Note that I do not need the eigenvalues themselves, only their distribution (finding all the eigenvalues is a more difficult problem), and I am primarily looking for existing software, not only the description of algorithms that I need to implement myself. My matrices are adjacency matrices of undirected graphs (or closely related matrices).

I found some papers discussing how this can be done in practice, so I was hoping that a working implementation exists somewhere.

Answer 1

In structural mechanics the number of eigenvalues of a matrix $K$ in a given range $(\alpha,\beta)$ is computed via the "Sturm sequence check", i. e. computing the $LDL^T$ factorizations of $K-\alpha I$ and $K-\beta I$ and counting the difference in the number of negative pivots.

If you have reasonably large bins, can be applied to your problem, and should be pretty straightforward to implement.

(A search on Lanczos shifted block algorithms should give more info, since this technique is often used in that context to check for missed eigenvalue/eigenvector pairs.).

This count is exact, and expensive for large $K$, so your request of an "estimate" or approximate count is still open.
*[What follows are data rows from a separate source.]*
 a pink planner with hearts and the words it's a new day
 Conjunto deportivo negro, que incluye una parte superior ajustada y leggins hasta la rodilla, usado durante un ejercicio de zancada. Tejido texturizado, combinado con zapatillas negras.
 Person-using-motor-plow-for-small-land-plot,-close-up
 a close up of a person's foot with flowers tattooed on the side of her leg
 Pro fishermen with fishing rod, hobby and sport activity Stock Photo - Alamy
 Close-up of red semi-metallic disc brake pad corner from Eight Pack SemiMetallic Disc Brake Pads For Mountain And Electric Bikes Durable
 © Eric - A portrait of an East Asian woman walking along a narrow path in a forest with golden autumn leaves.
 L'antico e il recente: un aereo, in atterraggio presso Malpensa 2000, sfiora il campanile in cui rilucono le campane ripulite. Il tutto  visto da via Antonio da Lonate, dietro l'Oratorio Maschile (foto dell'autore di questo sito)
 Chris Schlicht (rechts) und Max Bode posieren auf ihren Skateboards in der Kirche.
Please post any finding.

Edit/update

The authors of "A Padé-based factorization-free algorithm for identifying the eigenvalues missed by a generalized symmetric eigensolver" claim

To the best of the authors’ knowledge, no post-processing technique that does not require the factorization of a matrix related to $K$ and/or $M$ is currently available for checking whether an eigensolver applied to the solution of problem (1) has missed some eigenvalues in an arbitrary range of interest $[ \sigma_L , \sigma_R ]$.
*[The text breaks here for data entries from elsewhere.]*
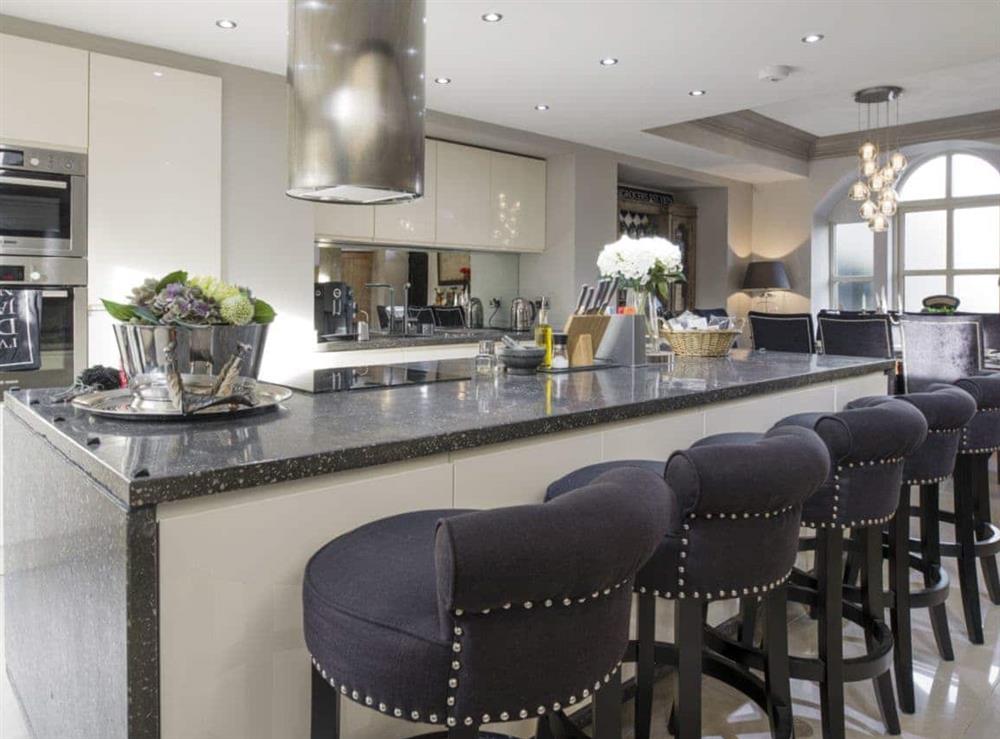 Well-equipped kitchen area with breakfast bar at Old Chapel House in Barnoldswick, Lancashire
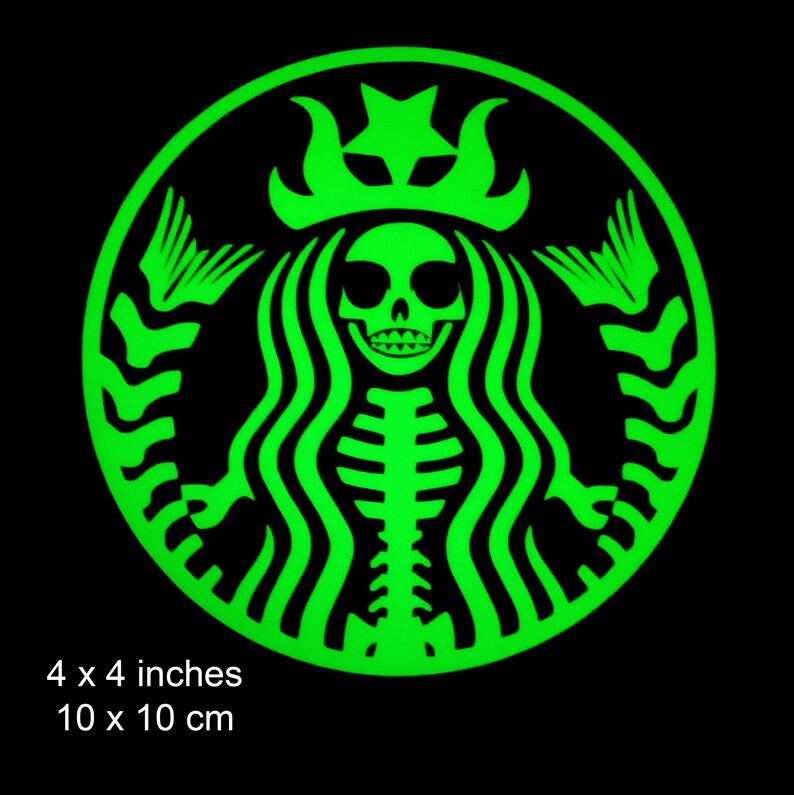 May include: Green glow-in-the-dark sticker of a skeleton mermaid with a crown, resembling the Starbucks logo. The sticker is 4 inches by 4 inches.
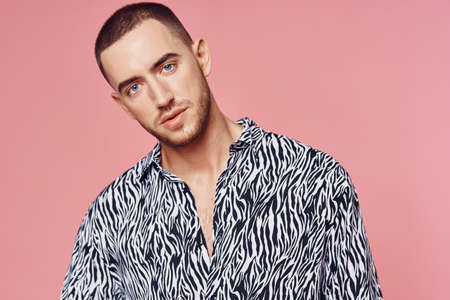 fashionable man shirt posing self confidence pink backgroundの写真素材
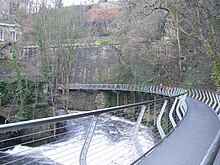 The Millennium Walkway showing the part cantilevered from the railway embankment, and the part supported by pillars set in the river bed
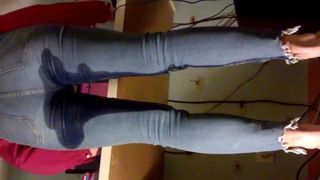 Emma pissing and working in tight jeans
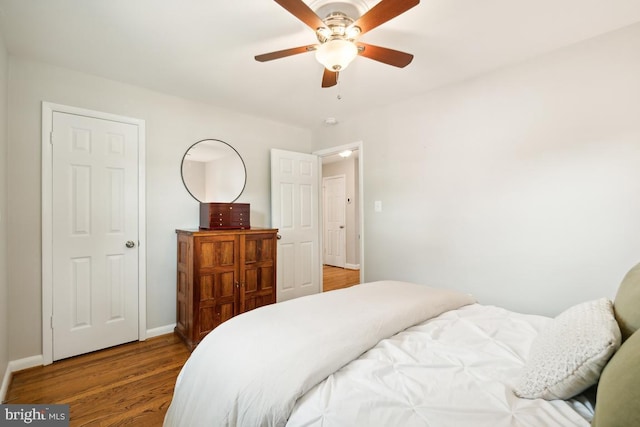 bedroom with hardwood / wood-style floors and ceiling fan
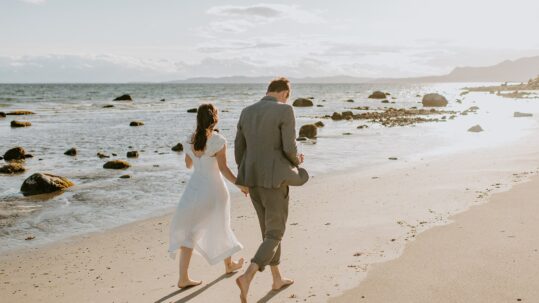 Beach elopement couple walking on the beach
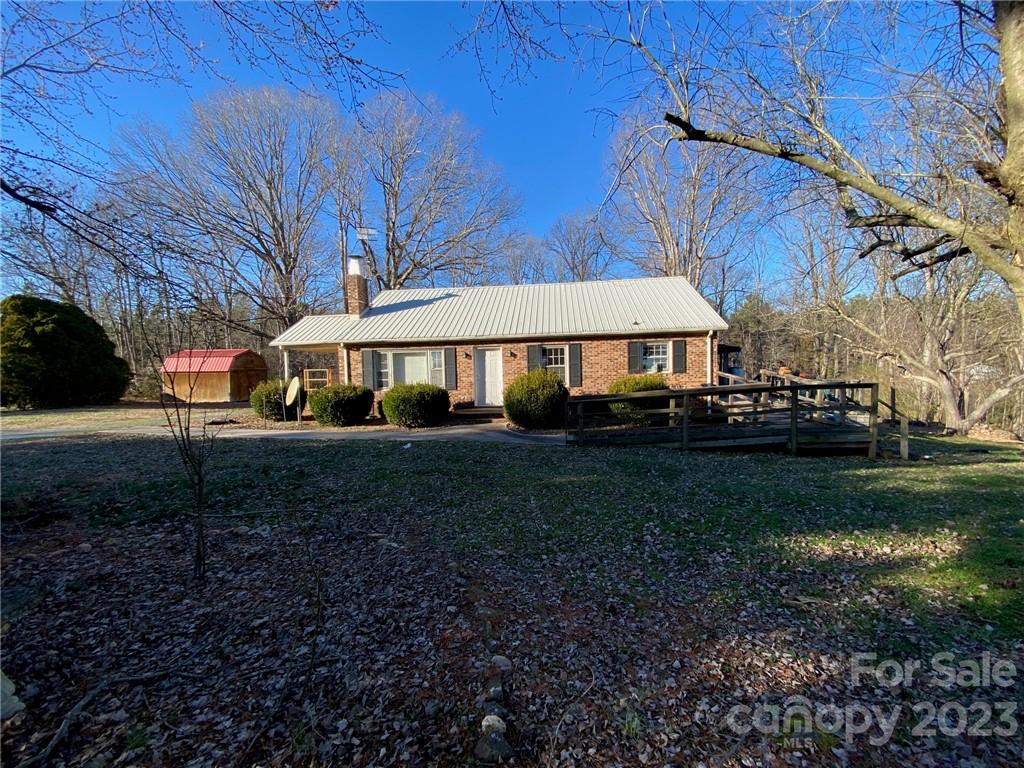 430 Russell Road Polkton, NC 28135 - Photo 3 of 18 a front view of a house with garden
This means that for obtaining an exact count of the eigenvalues in a given bin you have to use the classical Sturm sequence method (see also Sylvester inertia law).

General advice for implementing this approach in your case cannot be given, without an analysis of the properties of your adjacency matrices (dimensions, number on non zero entries, fill-ins after reordering, condition number of principal minors...).

Nevertheless I would suggest starting with a simple no-brainer approach, and see if you experience breakdowns of the implementation (assuming that this computation is not mission critical). I suggest to use the wonderful SuiteSparse by Tim Davis.

1. reorder your matrix to reduce fill-in, (e.g. calling SYMAMD from COLAMD on $A - \alpha_0 I$).
2. compute $L_i D_i L_i^T = A - \alpha_i I$, where $\alpha_i$, $i=0\dots m$ are the boundaries of your bins. (Try first a simple implementation like LDL without pivoting, and go for a pivoting approach only if you experience numerical difficulties.) (Note that without pivoting the symbolic factorization step can be recycled for all $i$.)
3. the count of negative diagonal terms in $D$ gives you the number of eigenvalues $\lambda < \alpha_i$.

This approach is effective only if $m$ is small or the factorization time is negligible with respect to eigendecomposition time: you have to perform some experiments to find out. Good luck.

Answer 2

I would imagine that something of this kind can be inferred from the pseudospectrum function. See the work by Marc Embree, for example: http://www.caam.rice.edu/~embree/